Have you ever felt stuck in a fog? Mentally, emotionally and perpetually. Like this image, everything seems to be obscured and out of reach.
I can’t tell you how many women I have tried to encourage over the past three years. Most of the friends I have now have suffered from unhealthy, horrendous, even abusive relationships.
We ALL have something in common. Our programming needs rewired, and our systems need rebooting.
I am overwhelmed with cases of perpetual need and our county has little to no resources for support. I can easily name 30 social service, non-profit, community-based programming for men, (felons, addicts, veterans, mentally ill and for all ages). If a woman calls for aide, I have less than 5!
Women in marriage separation do not qualify for welfare, housing or educational services. The process from awakening through divorce often takes two years. From divorced to independent is often derailed and the woman flounders with no support even then.

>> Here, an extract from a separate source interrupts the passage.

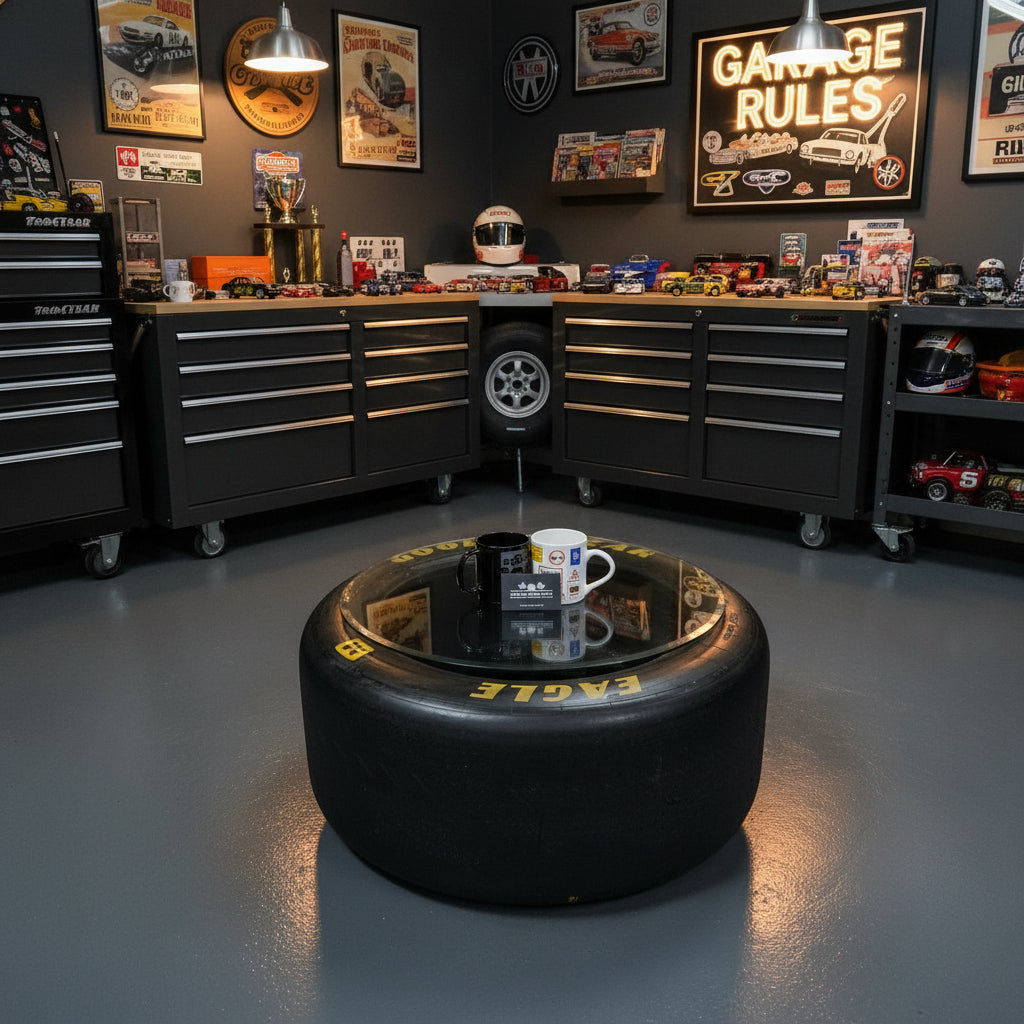 Goodyear F1 Racing Slick Tyre Coffee Table With Glass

I am losing sleep over this! For months there have been a stream of women desperate for shelter, safety, security and I have to turn them away! I believe what I do makes a difference. I know there will always be ‘one more.’ I honestly do not know how to cope with this. Then I feel bad for thinking of myself, then I wonder if its codependency making me feel like this.
No. The system sucks. I have compassion, conviction, and the ability to be heard. These women are stuck. If I am only able to listen and value their stories, then I AM making a difference.